Che si riducono a uno, fondamentalmente. Il sogno della middle class americana, quello che sembra perpetuarsi di generazione in generazione a dispetto dei contraccolpi, delle accelerazioni e delle tragedie della storia. Conformarsi; essere un volto tra la folla. Tra la folla, ma popolare. Popolare ha un'accezione diversa, oltreoceano. Barbecue, birre con gli amici, baseball, mogliettina affettuosa, risparmiare per il college dei figli e tutte le altre stronzate. Ciò che redime lo squallore dell'American way of life è una tautologia: il fatto di essere americano, appunto. Questo basta.
Ma l'adesione di P.P. a quegli ideali è difficile. Saranno i poteri di ragno, oppure una latente carica di irregolarità, o chissà cos'altro: oltre che all'americano medio (che pare riassumere il concetto di umano, semplicemente) Peter Parker assomiglia in modo sospetto al figlio dell'altra America, quella eroica davvero, quella di Walt Whitman, di Kerouac, di James Brown, Muhammad Ali o Malcolm X. Più di ogni altro personaggio in costume, l'Uomo Ragno sembra votato a una grave, irredimibile schizofrenia. La malignità e la grandezza dell'America sono uomini in carne & ossa. L'Uomo Ragno è l'epitome della condizione dell'Homo Americanus?

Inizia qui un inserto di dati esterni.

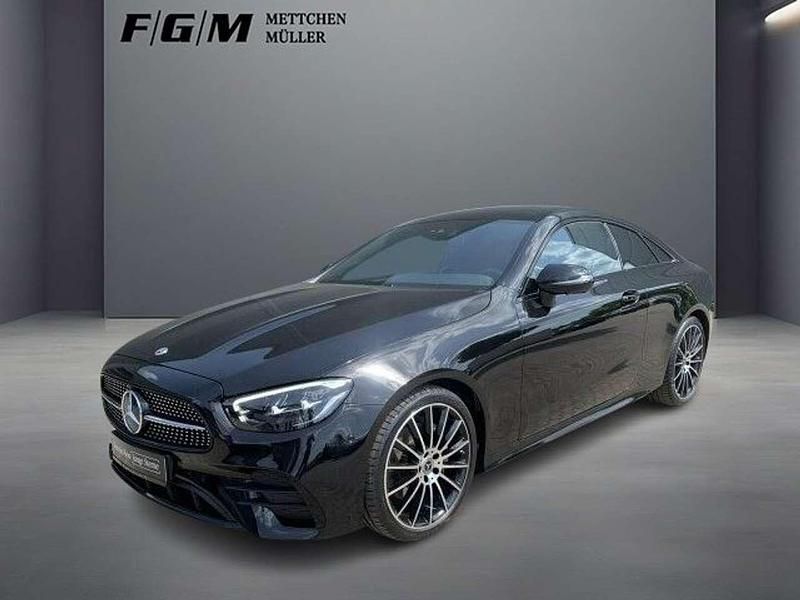 Lack obsidianschwarz Gebraucht 2023 Mercedes E220 AMG line Coupé | 48.570 € (Etwas zu teuer) - Bild 1/4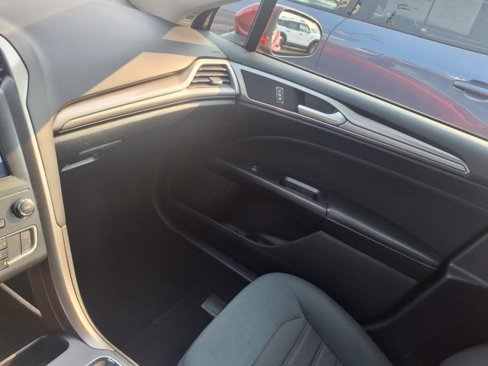 Used 2020 Ford Fusion SE image 22
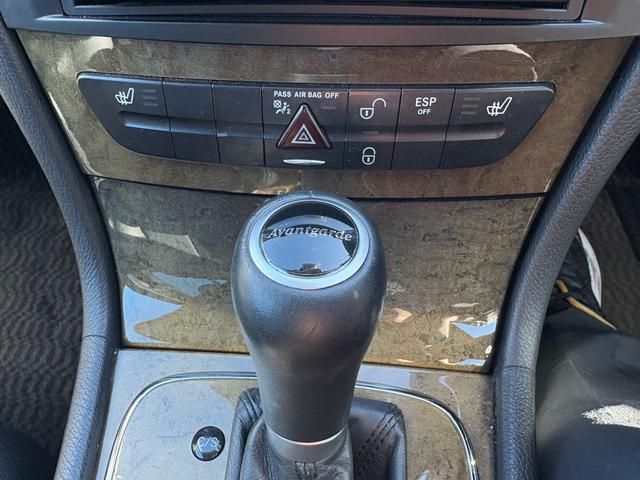 Eクラスステーションワゴン E320 CDIワゴン アバンギャルド サンルーフ 純正アルミ パワーシート ステリモ  オートライト 社外ナビ 地デジ Bluetooth DVD バックカメラ シートヒーター パワーテールゲート(57枚目)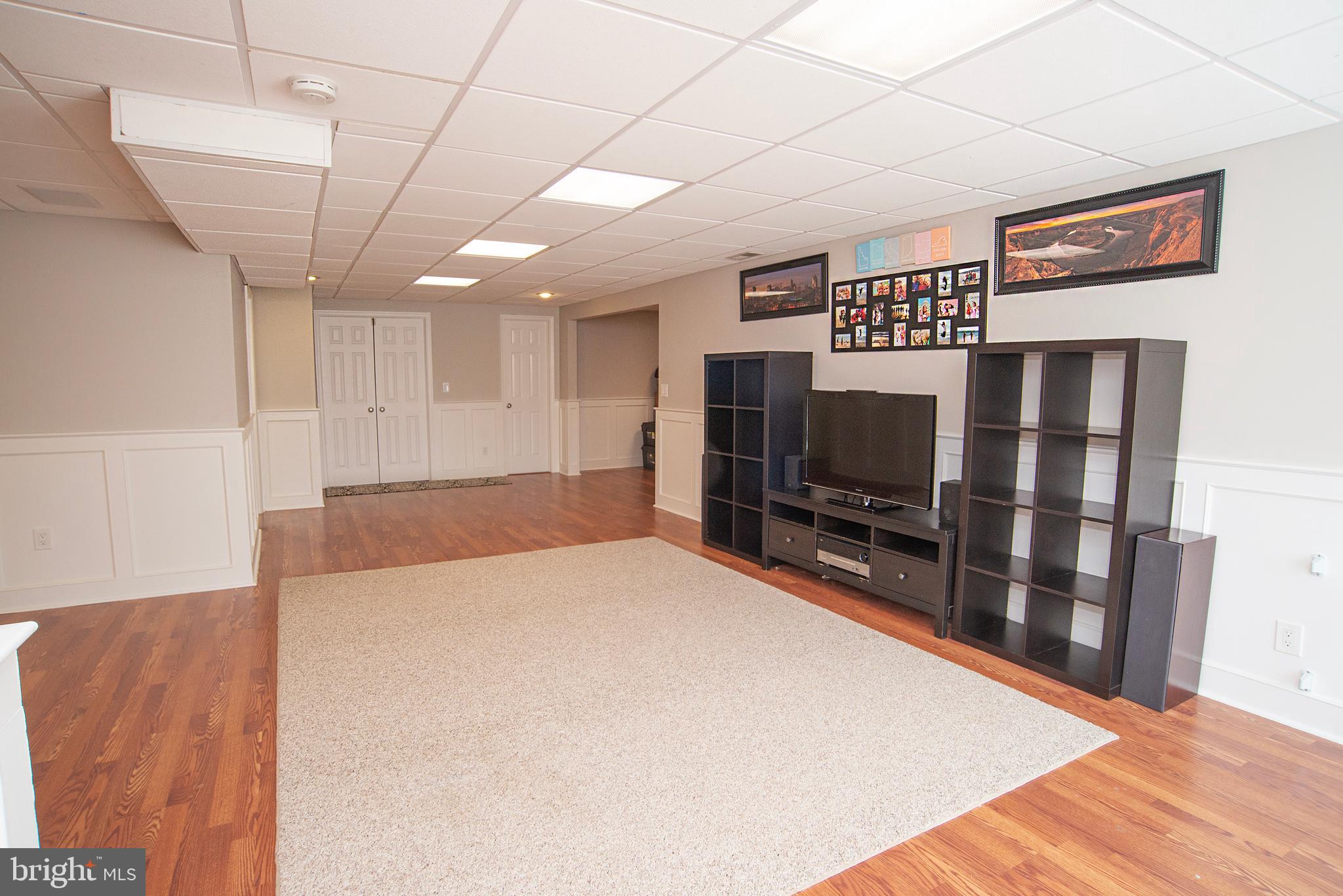 CLAYBURNE WOODS - Residential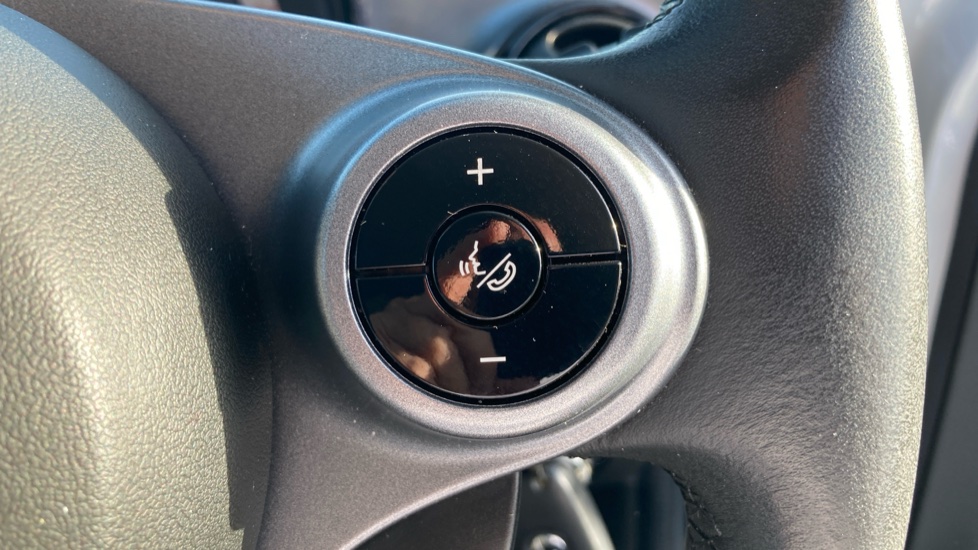 smart forfour hatchback 1.0 Passion 5dr Petrol Hatchback - Image 25
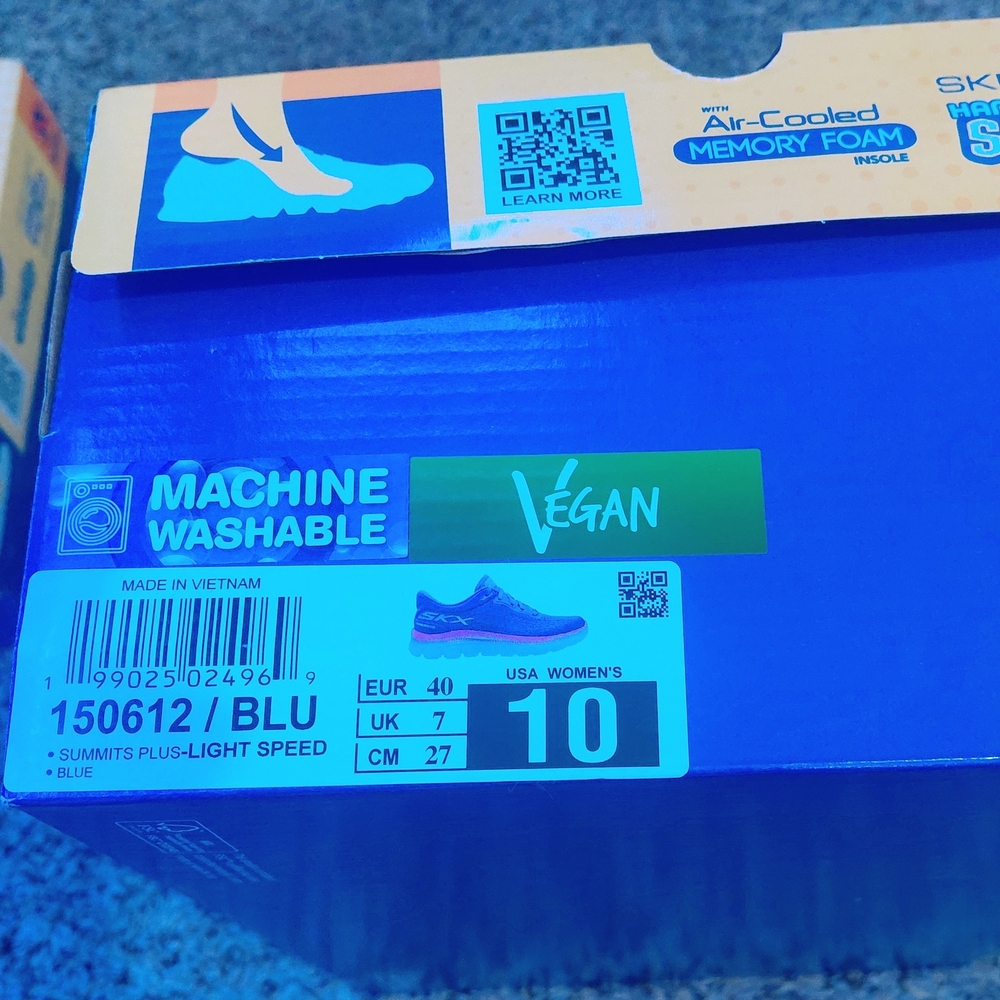 Skechers Women's Teal and Pink Sneakers - Picture 3 of 4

L'Uomo Ragno ha sogni così piccoli perché il costume è troppo attillato. Le ragnatele servono a proiettarsi oltre la propria ombra.

Difficile non avere la sensazione che il mondo ti stia scoppiando sotto il culo, al giorno d'oggi. Non occorre essere un intellettuale, un analista politico e nemmeno un autore militante (qualunque cosa significhi) per avvertire la sensazione in modo distinto e urgente. Ogni era cosmica ha i suoi eroi, e il 1974 è un'era cosmica molto lontana.
L'Uomo Ragno era un eroe solare, a dispetto del tratto espressionista e manicheo di Steve Ditko. Fondamentalmente inadatto allo spirito tetro dei nostri tempi. Questo è il momento di Ghost Rider, di Cable: eroi o antieroi che hanno fatto del conflitto e della violenza una sorta di orizzonte metafisico. Già il Punitore aveva preannunciato la tendenza. Certo, l'Arrampicamuri si è sempre mosso tra le quinte di una metropoli quasi-reale. Ma l'Uomo Ragno che fronteggia impotente la tragedia dell'implosione all'interno del nostro tempo storico, l'Uomo Ragno tra le macerie fumanti delle Twin Towers e gli eroici pompieri di NYC ha qualcosa di innaturale. Di definitivamente incredibile. Dentro l'universo del Ragno la cronaca è inverosimile. Il Dottor Destino che piange è una trovata miserrima. Vale quattro soldi.
Forse noi lettori colti-smaliziati-europei non siamo il pubblico di riferimento per storie del genere. Gli eroi in costume si aggirano da estranei nella plumbea iperrealtà della cronaca. Dove eravate? La domanda echeggia puntuale. Ma la risposta è semplice. Gli eroi non sono mai stati qui. Il vostro mondo non li merita.